LA FESSÉE, COMMENT SE FAIT-CE ?
Le 26 janvier 2017, on apprend que le Conseil Constitutionnel, dans sa grande sagesse, retoque la loi Égalité et Citoyenneté pour 40 de ses articles. Parmi eux, celui pour l'administration de la fessée à un enfant, non pas sur le fond – de culotte – mais sur la forme car cet article a été jugé sans rapport avec l'objectif général de la loi. Il avait été adopté grâce à la technique dite du "cavalier législatif" qui permet, si la vigilance des élus est trompée par un collègue astucieux mélangeant torchons et serviettes, de faire voter un texte qui ne l'aurait pas été s'il avait été présenté dans un autre contexte.
Le même jour, dans le paradis de Poutine, on assiste à une opération tout aussi "cavalière" puisque la Douma a dépénalisé la violence domestique en réduisant les peines encourues (qui pouvaient atteindre deux ans de prison) à l'absence de poursuites POURVU QUE LES CHÂTIMENTS CORPORELS SOIENT LÉGERS. Cela pour des raisons humanitaires, on s'en doute, notamment afin de désengorger les prisons (pour y mettre les opposants politiques : ça c'est moi qui l'ajoute).
Il est assez curieux que deux pays aux traditions culturelles, à la pratique judiciaire et à la démocratie aussi différentes se penchent (c'est le cas de le dire) ensemble sur cette méthode "éducative" aux variantes infinies du rigide pater familias romain au jouisseur Michael Lonsdale et de la douce mamie Nova à la maman excédée par les hurlements de ses galopins déchaînés. Heureusement que notre Président est fâché avec le leur, sinon une commission mixte de députés russes et français aurait pu être constituée pour rédiger un texte commun et légiférer ainsi "de l'Atlantique à l'Oural".
Trêve de plaisanterie car tout ça n'a rien de drôle. En Russie, ce sont douze mille femmes qui meurent chaque année de violences domestiques et ça va s'amplifier puisque l'autocrate qui règne au Kremlin ne s'embarrasse pas de précautions pour faire assassiner ses opposants politiques, s'emparer d'un pays voisin, emprisonner les Femen dont le crime consiste à circuler les seins nus en criant des slogans... Laisser impunément maltraiter les femmes derrière les murs des appartements ne peut que tarir le réservoir à Femen !

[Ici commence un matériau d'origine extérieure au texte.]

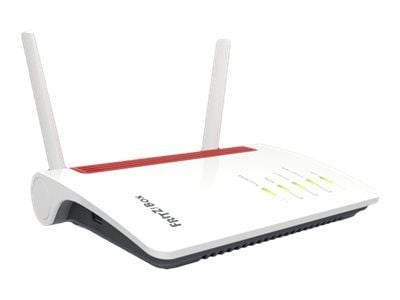 Box 6850 LTE, Wi-Fi 5 (802.11ac), Kaksitaajuus (2,4 GHz/5 GHz), Ethernet LAN, 3G, Valkoinen, Pöytäreititin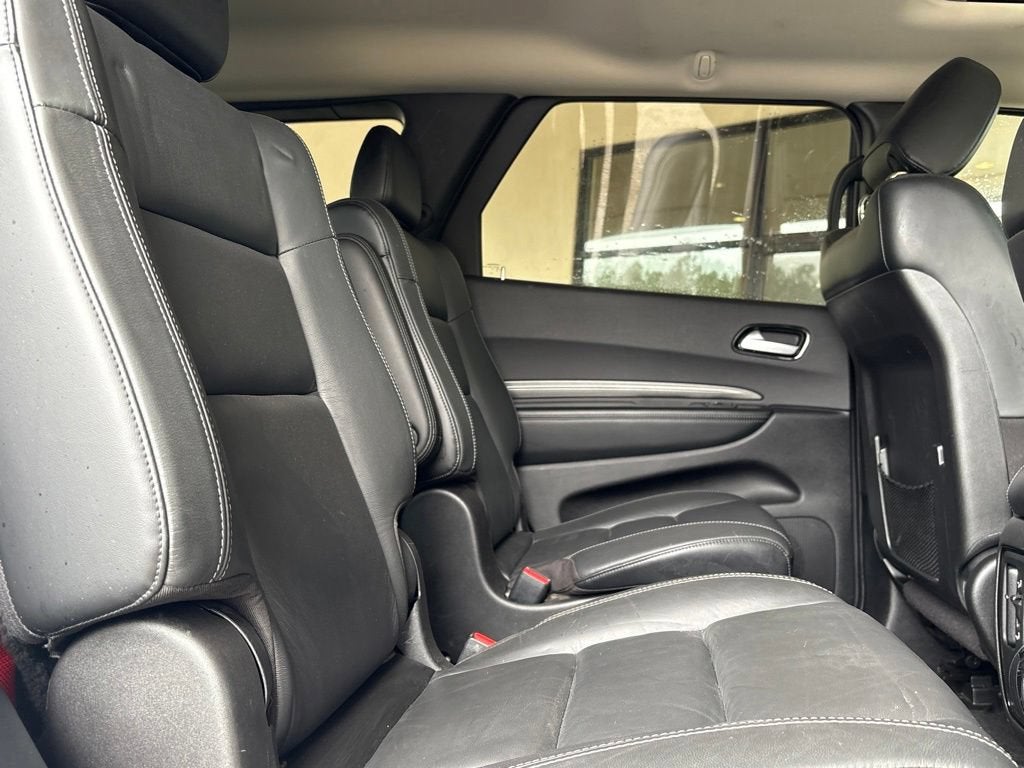 2021 Dodge Durango SXT Plus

En France où on a pourtant d'autres chats à fouetter en ce moment, où chacun a au moins reçu ou donné une fessée dans sa vie, on hésite entre prendre les choses au sérieux ou bien les tourner en dérision. Peut-être faudrait-il examiner sérieusement la question des châtiments corporels (et pas seulement la fessée) sans pour autant en faire un drame. Et d'abord la violence domestique ne consiste pas seulement à donner des coups mais aussi à faire subir l'indifférence, le mépris ou l'exigence aux femmes et aux enfants. Ensuite, on sait bien qu'une interdiction par la loi ne suffit pas à obtenir la suppression de l'acte interdit. Enfin, une tape sur les fesses ou la cuisse n'est pas une grosse baffe sur la joue, l'œil ou le nez, le heurt contre le mur ou le lavabo, la privation de nourriture, l'enfermement à la cave, l'obligation au silence... L'imagination humaine en la matière n'a d'égale que celle que déploie l'homo sapiens pour faire la guerre.
Selon ses partisans, l'interdiction de la fessée serait le moyen d'éradiquer la violence, le premier pas vers la pacification des paroles et des actes. Je n'en crois rien. Prenons l'exemple de la Norvège qui l'a interdite en 1987 et qui a connu le plus grave meurtre de masse (77 morts à Oslo et Utøya, loin de son objectif qui était de 600 ! ) commis par un seul individu. Anders Behring Breivik condamné pour ses actes à 21 ans de prison était âgé de 32 ans au moment des faits. Il a pu recevoir des fessées jusqu'à l'âge de 8 ans. J'aimerai savoir s'il en a trop ou pas assez reçu afin de mesurer l'effet mortifère de cet acte très différemment exhibé dans la litttérature.